# Help from previous takers...Review Tips (Sections and Topics)



## cparanal (Jan 10, 2009)

I started reviewing the IBC for my test in October and I basically just handpicked the topics which I think would most likely be included in the test. However, as I have no experience whatsoever I sometimes doubt my judgment. For example, I feel that I have been spending so much time on Masonry when I don't think it's as equally common as concrete and steel or perhaps wood.

Also, I plan on reviewing the ASCE and AIC for the structural part and use the CERM for the rest of the topics.

Your thoughts would be greatly appreciated.


----------



## TXengrChickPE (Jan 11, 2009)

The CERM has a decent breakdown of what topics are included on the exam. Are you taking Civil w/ Structural depth? If so, focus on Concrete and Steel. I'd spend just long enough on wood and masonry to be able to know where to look stuff up. Also, keep in mind, some of the questions will not necessarily deal w/ a specific material. I remember a lot of pure structural analysis.


----------



## dastuff (Jan 12, 2009)

You should worry much more about concrete and steel than wood/masonry. That is reflected well in the CERM (which doesn't even have a wood section)


----------



## Jtiger (Jan 15, 2009)

cparanal said:


> I started reviewing the IBC for my test in October and I basically just handpicked the topics which I think would most likely be included in the test. However, as I have no experience whatsoever I sometimes doubt my judgment. For example, I feel that I have been spending so much time on Masonry when I don't think it's as equally common as concrete and steel or perhaps wood.
> Also, I plan on reviewing the ASCE and AIC for the structural part and use the CERM for the rest of the topics.
> 
> Your thoughts would be greatly appreciated.
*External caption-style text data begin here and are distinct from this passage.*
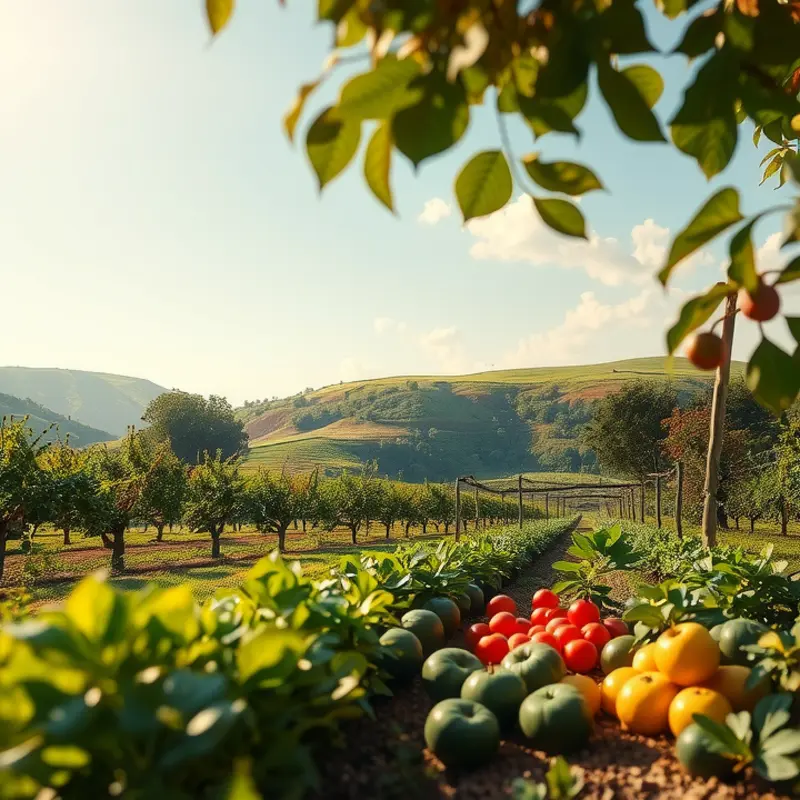 An abundant field of vibrant vegetables and fruits showcasing nature’s richness.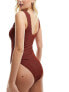 Фото #3 товара 4th & Reckless madeline ring detail swimsuit in rust crinkle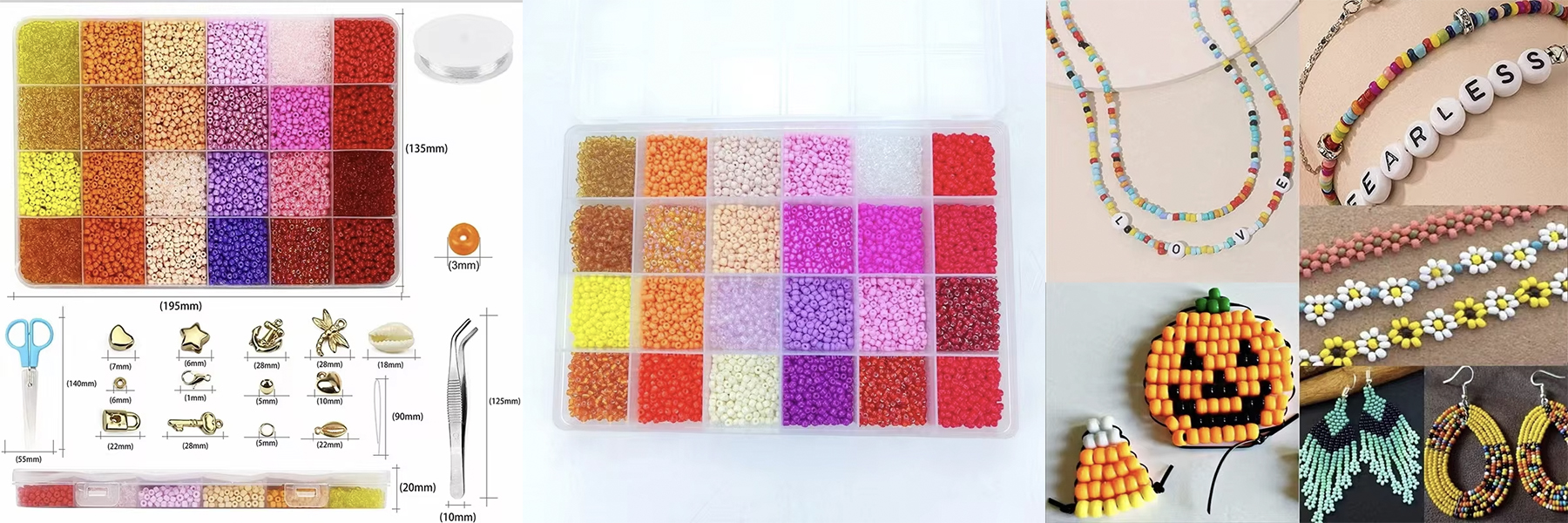 Wholesale 4mm Colorful Acrylic Seed Beads DIY Bracelet Necklace Jewelry Make Kit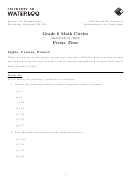 Grade 6 Math Circles Worksheet - University Of Waterloo, 2015
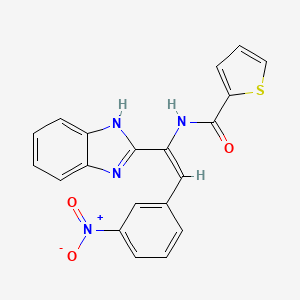 molecular formula C20H14N4O3S B5500738 N-[1-(1H-benzimidazol-2-yl)-2-(3-nitrophenyl)vinyl]-2-thiophenecarboxamide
I have a masters in structural and failed the PE the first time taking structural in the afternoon. I had no experience with all the design codes they listed. I took geo the second time a passed it. My advice is to do what you feel comfortable with, but make sure you give yourself plenty of time to know the design codes if that is the route you're going. If not go structural because it is not that far removed from structural. Good luck.

BTW, there were many wood, bridge, and masonry problems when I took it and had NO idea on. There are also some "structural depth references for the PE exam" by PPI and a "civil pe exam structural code supplement" it's good stuff.


----------